Early life and first marriage

Lyman Paine was born in New York City, New York in November 1901. His father, George Lyman Paine Sr., was an Episcopal priest and a Christian Socialist, the son of philanthropist Robert Treat Paine. After graduating from Harvard University in 1922, G. Lyman Jr. became an architect. He married Ruth Forbes of the distinguished Forbes family in March 1926.

In 1926–1932, while living in New York City, the Paines became known for their apartment socials; one frequent social attendee, Mary Bancroft, wrote in her autobiography about her friend Ruth Forbes Paine's husband: "Lyman, ... was interested in what he termed 'The Ultimate Reality', which I interpreted as my old friend, 'Truth'. Lyman and I had endless discussions about this ultimate reality while sipping highballs of bathtub gin and ginger ale." After having two sons, Michael Paine and Cameron Paine, the couple separated about 1932 and were divorced in 1934.

Lyman and Ruth's son Michael Paine married Ruth Hyde, a friend of Lee Harvey Oswald's wife Marina, who was living with her at the time of the JFK assassination.

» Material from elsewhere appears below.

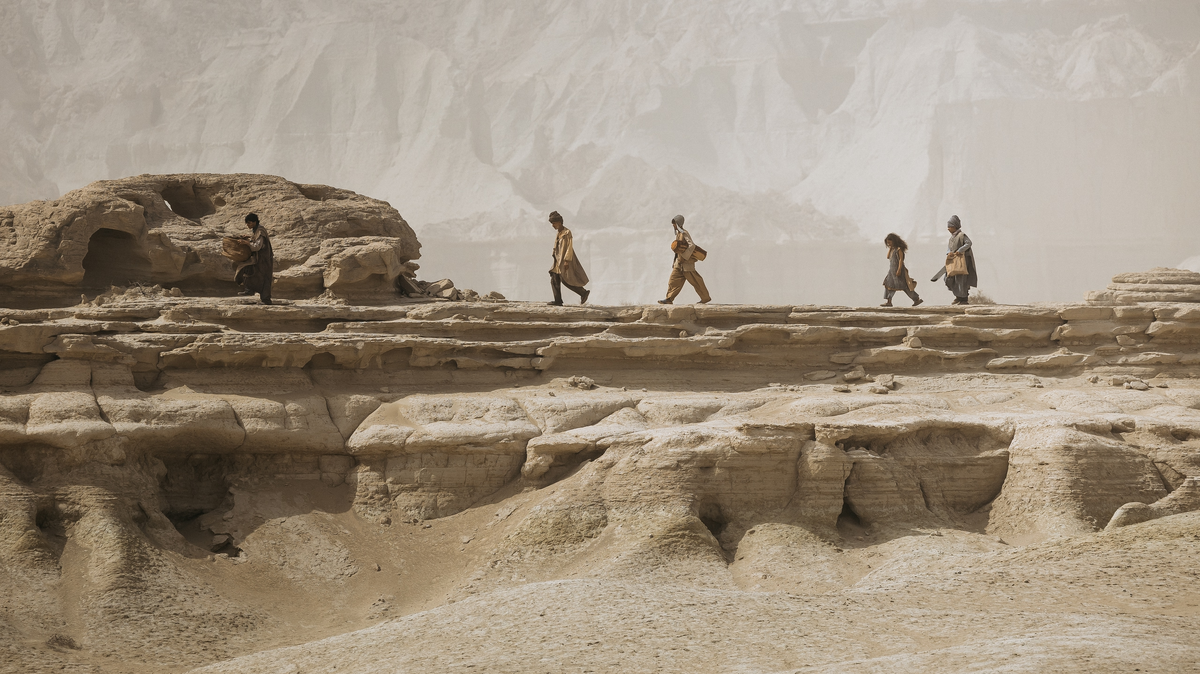 Путешествие по суровому миру Арканара: герои «Трудно быть богом» пересекают пустынные ландшафты, сталкиваясь с испытаниями и загадками инопланетной цивилизации. Захватывающий визуальный стиль сериала и атмосфера настоящей научной фантастики, (источник: vk.com)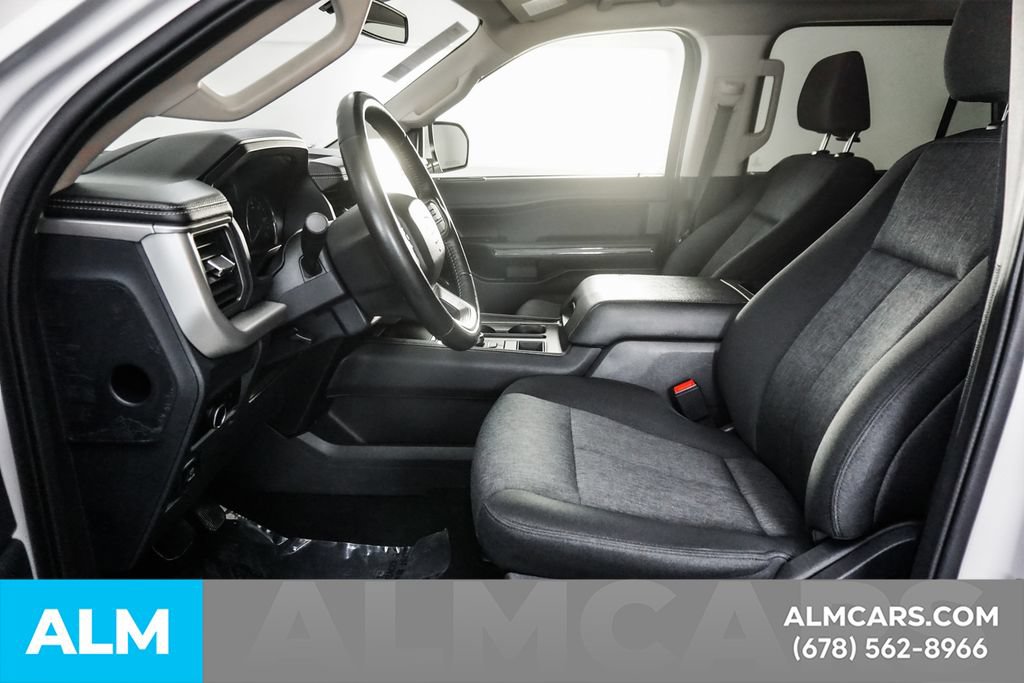 Used 2024 Ford Expedition XLT RWD image 16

Later life and second marriage

In the mid-1930s, while working for the New York City Housing Authority, Lyman became disillusioned with the utility of his work designing housing projects to produce social improvement, and he became active in Marxist politics. There he met Frances "Freddy" Drake (3/21/1912–5/3/1999), whom he married in 1939. Then in 1947, on the occasion of the 25th anniversary of the Harvard College Class of 1922, Lyman wrote in their publication, the 25th Annual Report of the Harvard Class of 1922:

Lyman and Freddy Paine were early members of the Johnson-Forest Tendency, a group within the Trotskyist Socialist Workers Party which included Grace Lee Boggs and her husband James Boggs. The Johnson-Forest group split from the main current of the Trotskyist left at the beginning of the 1950s, setting up the Correspondence Publishing Committee which produced the newspaper Correspondence. When Johnson-Forest founder C. L. R. James left the group in 1962, the Paines remained with the Committee and the Boggses.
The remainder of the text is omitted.